Records for the exercise Start Marker
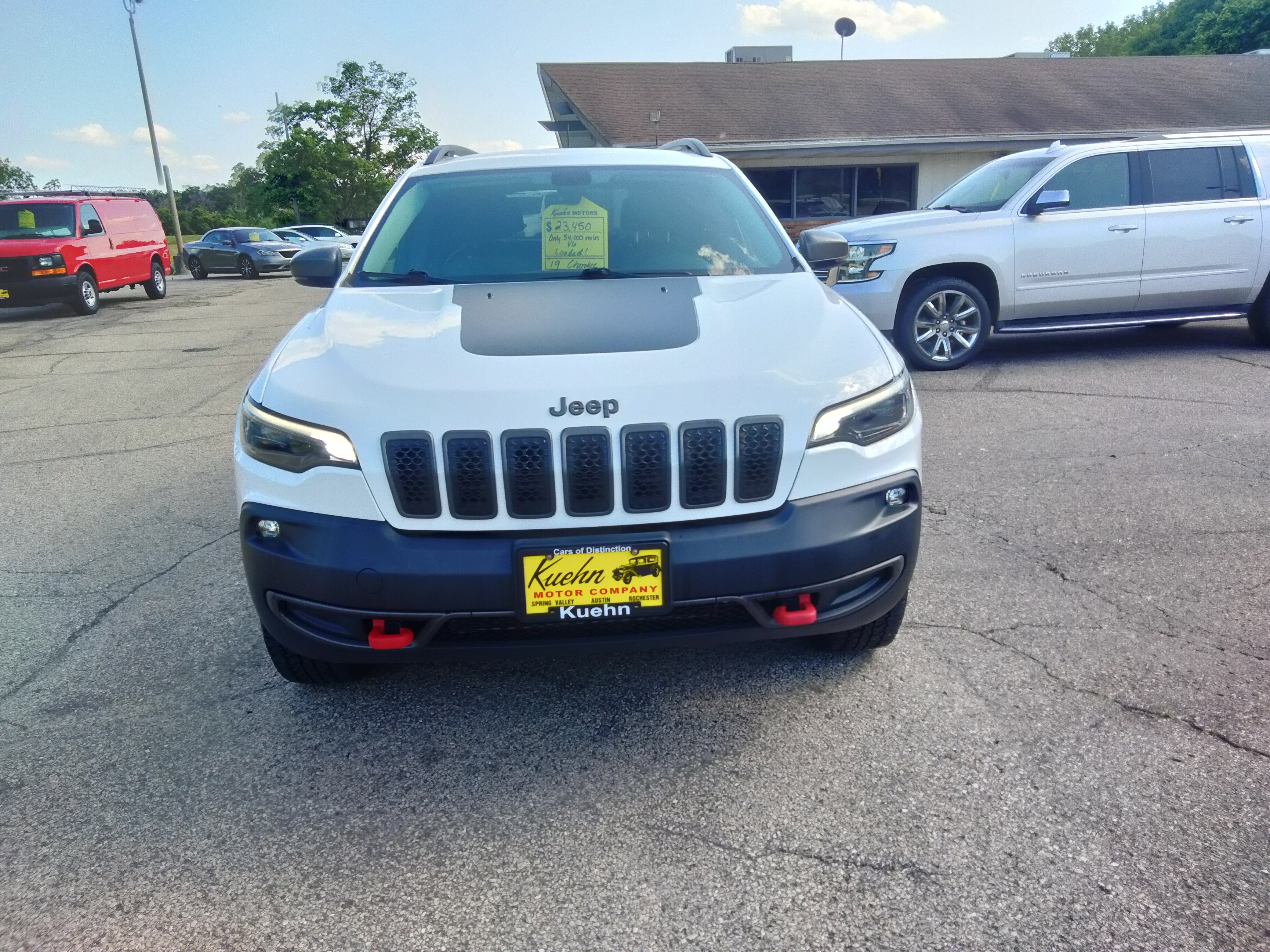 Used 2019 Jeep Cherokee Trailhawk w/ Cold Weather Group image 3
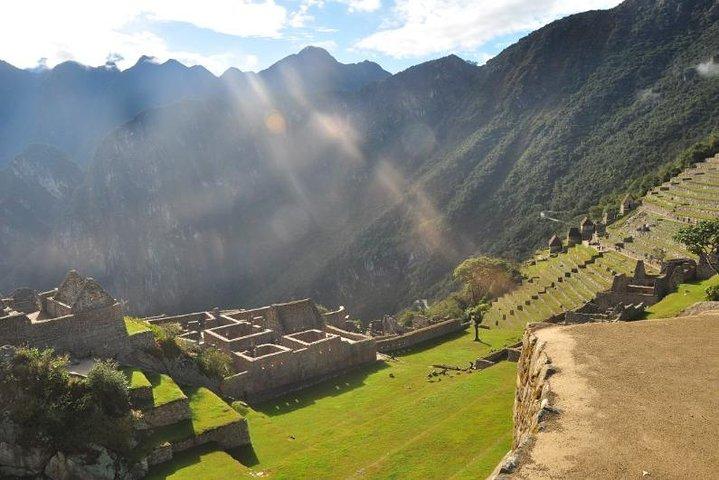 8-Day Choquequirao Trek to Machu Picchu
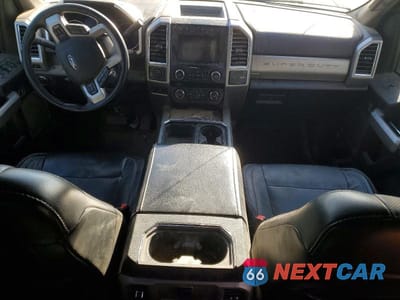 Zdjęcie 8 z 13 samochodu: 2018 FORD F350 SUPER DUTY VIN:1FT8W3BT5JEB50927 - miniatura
Records for the exercise End Marker
Records for the exercise Start Marker
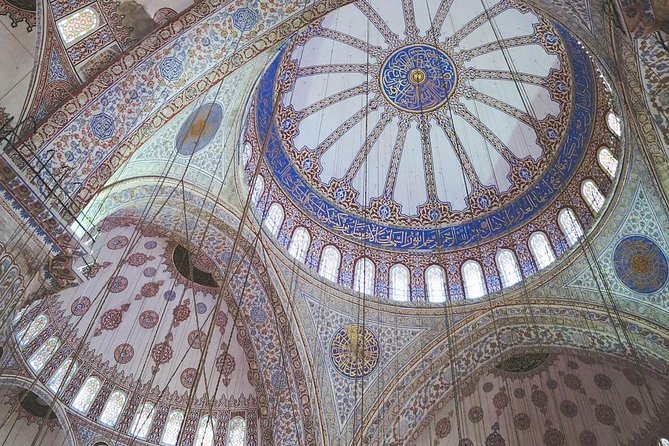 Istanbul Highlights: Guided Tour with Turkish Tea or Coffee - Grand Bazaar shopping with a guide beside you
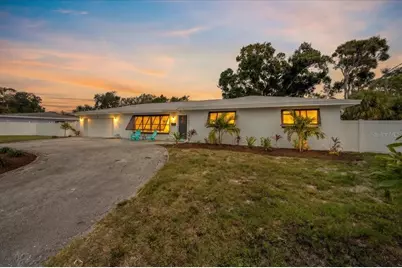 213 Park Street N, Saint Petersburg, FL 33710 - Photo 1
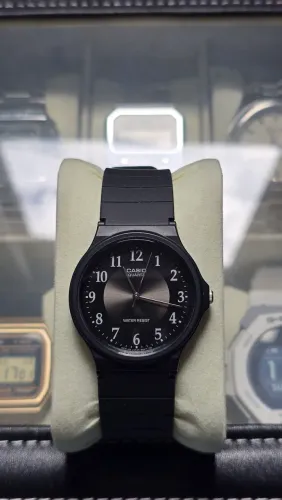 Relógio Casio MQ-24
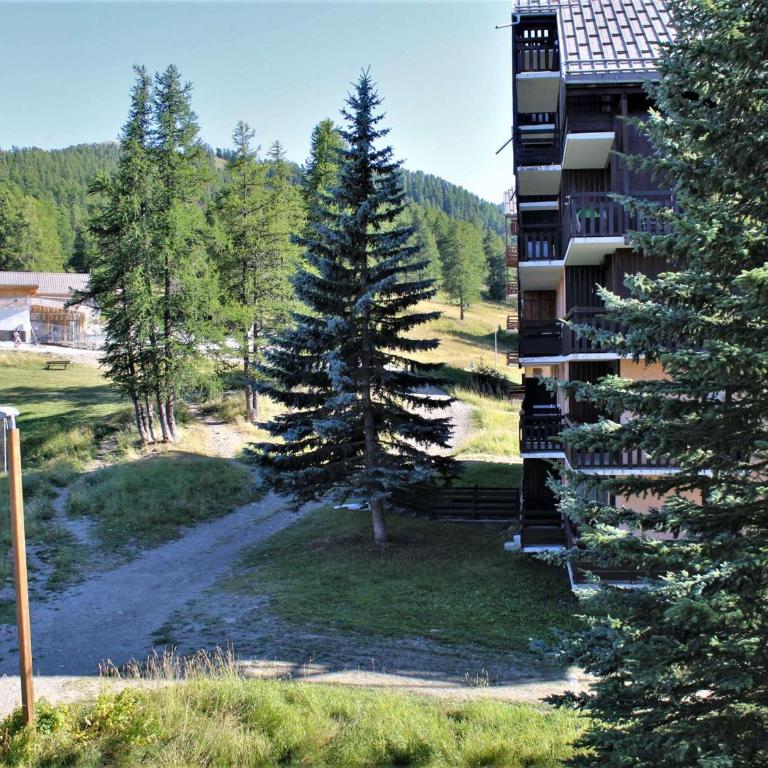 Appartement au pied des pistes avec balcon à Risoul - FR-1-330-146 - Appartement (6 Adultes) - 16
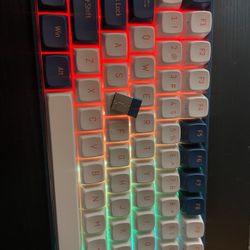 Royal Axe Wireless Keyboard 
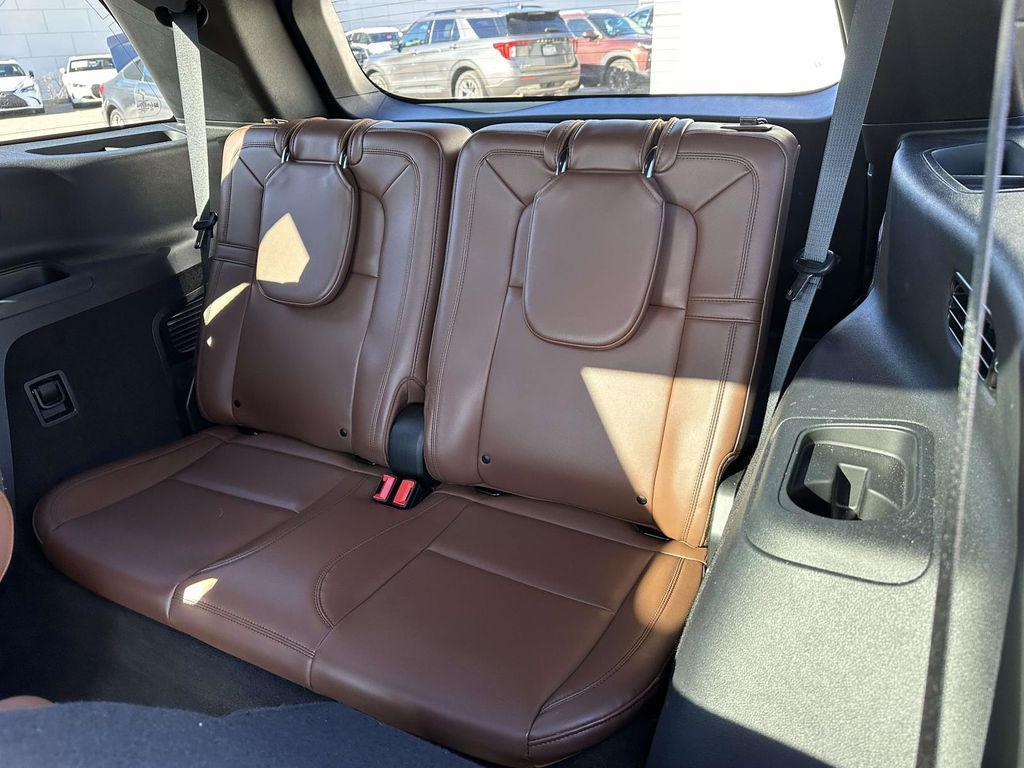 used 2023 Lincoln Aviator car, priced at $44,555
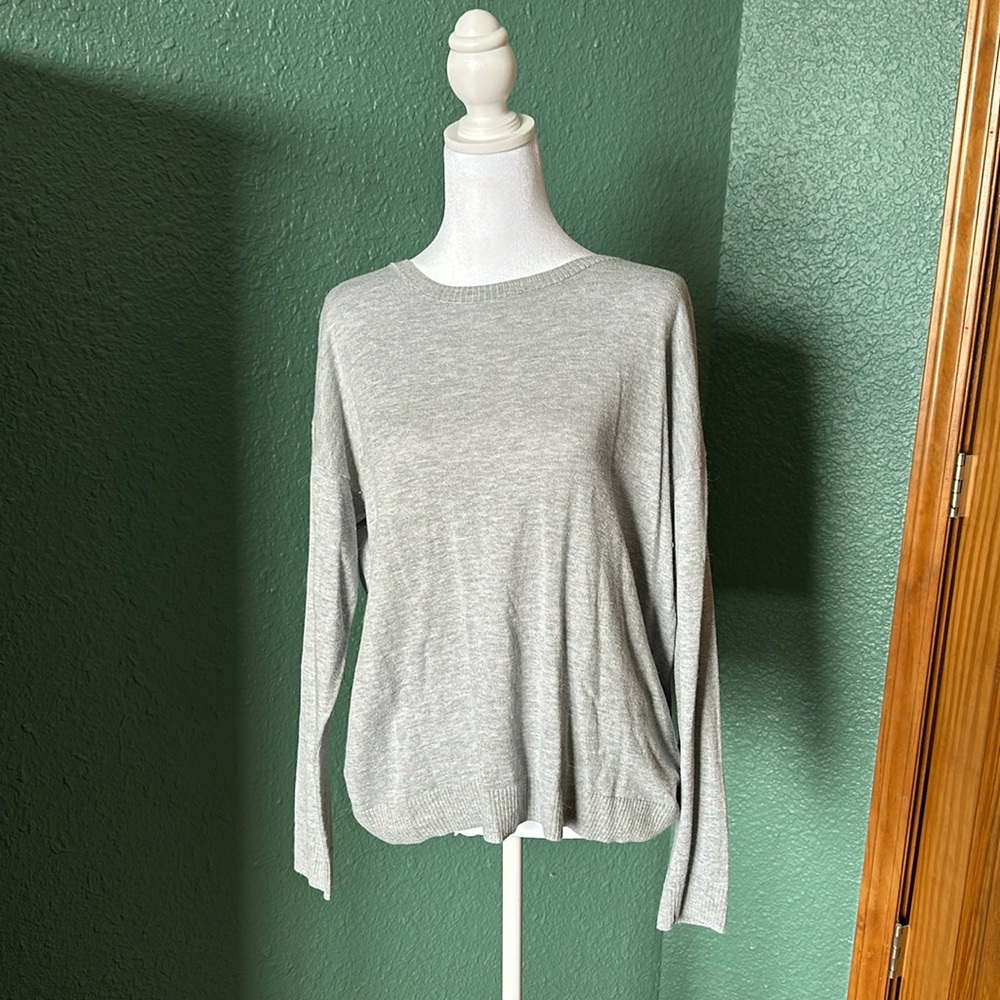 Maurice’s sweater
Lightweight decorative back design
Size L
Records for the exercise End Marker
Records for the exercise Start Marker
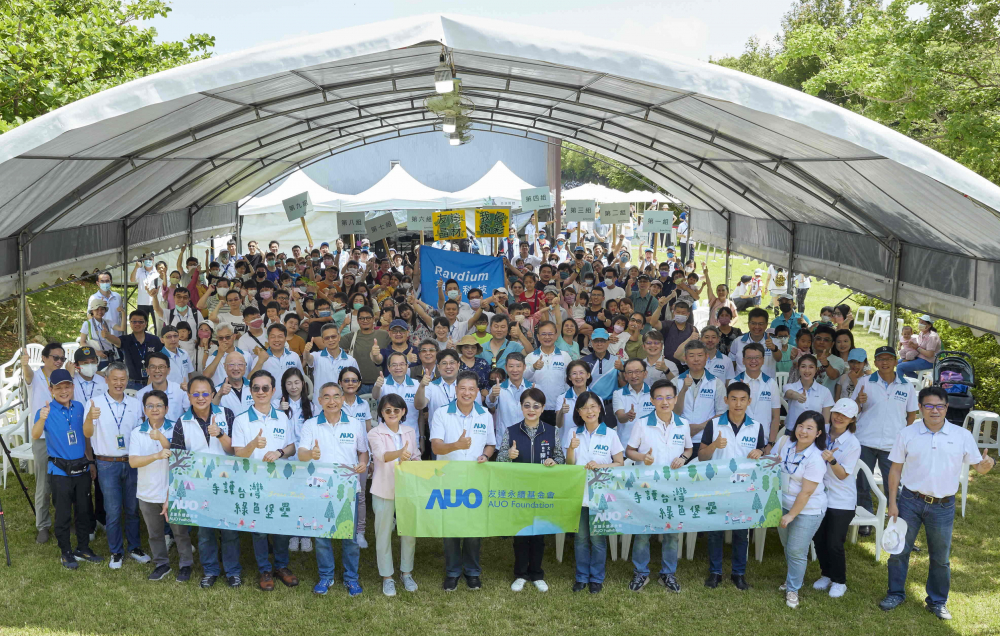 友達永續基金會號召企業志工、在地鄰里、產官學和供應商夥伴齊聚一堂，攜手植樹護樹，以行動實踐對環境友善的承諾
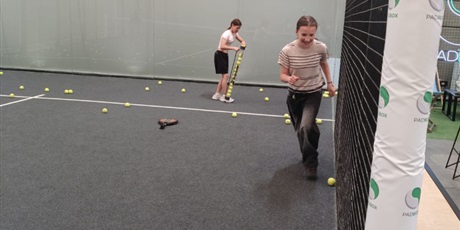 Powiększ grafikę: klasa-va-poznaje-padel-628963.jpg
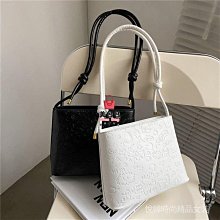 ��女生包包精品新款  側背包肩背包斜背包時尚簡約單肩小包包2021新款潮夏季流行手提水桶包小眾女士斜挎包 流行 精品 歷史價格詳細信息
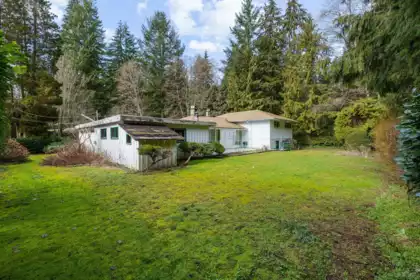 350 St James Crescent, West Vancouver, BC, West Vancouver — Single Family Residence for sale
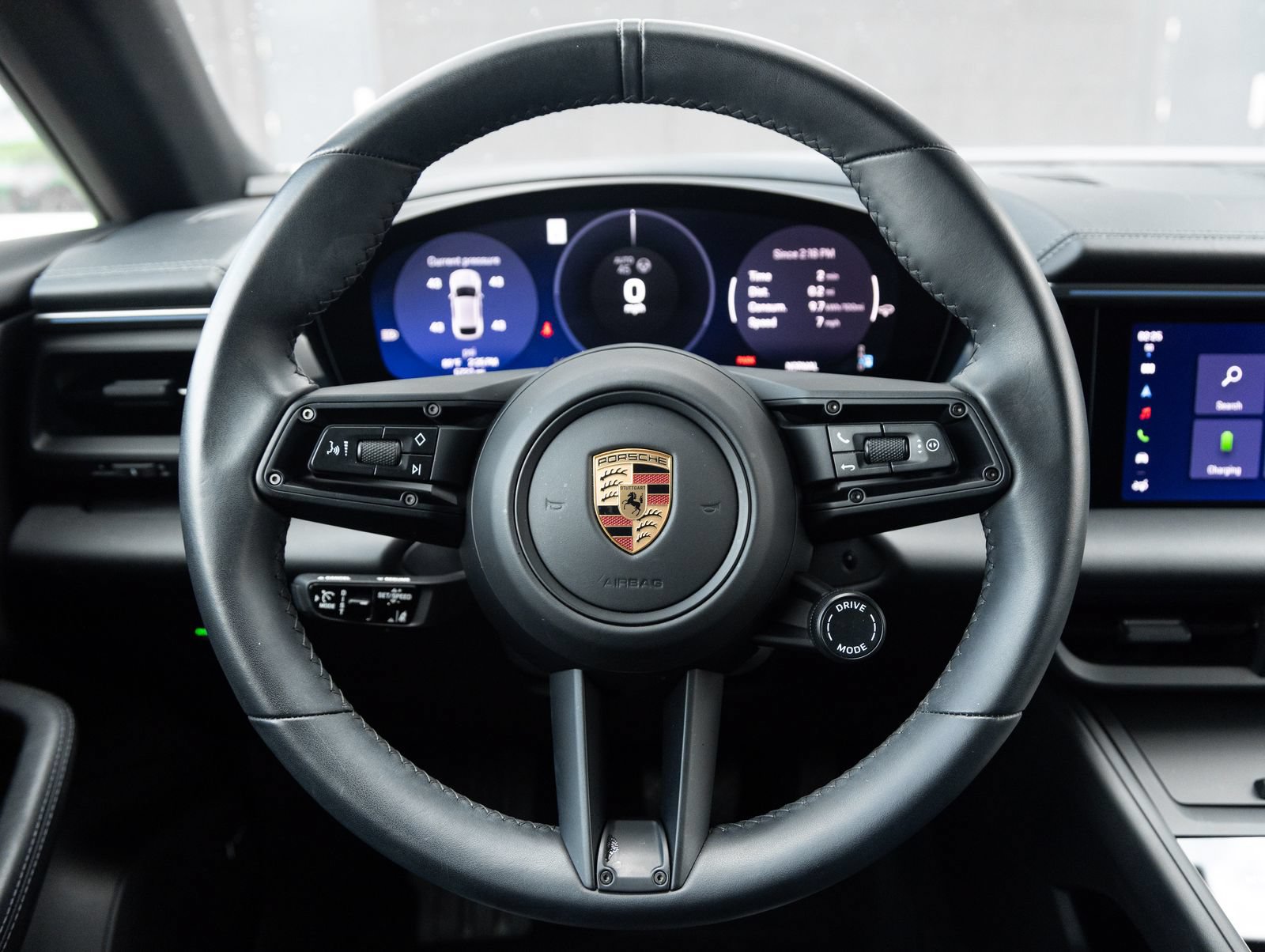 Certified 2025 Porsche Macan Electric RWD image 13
Records for the exercise End Marker
■ **What is being asked**:
Starting with the line above that holds "8-Day Choquequirao Trek to Machu Picchu", restate each line word for word up to and including the line that holds "Zdjęcie 8 z". Drop the pictures.

■ **Reply to the task**:
 8-Day Choquequirao Trek to Machu Picchu
 Zdjęcie 8 z 13 samochodu: 2018 FORD F350 SUPER DUTY VIN:1FT8W3BT5JEB50927 - miniatura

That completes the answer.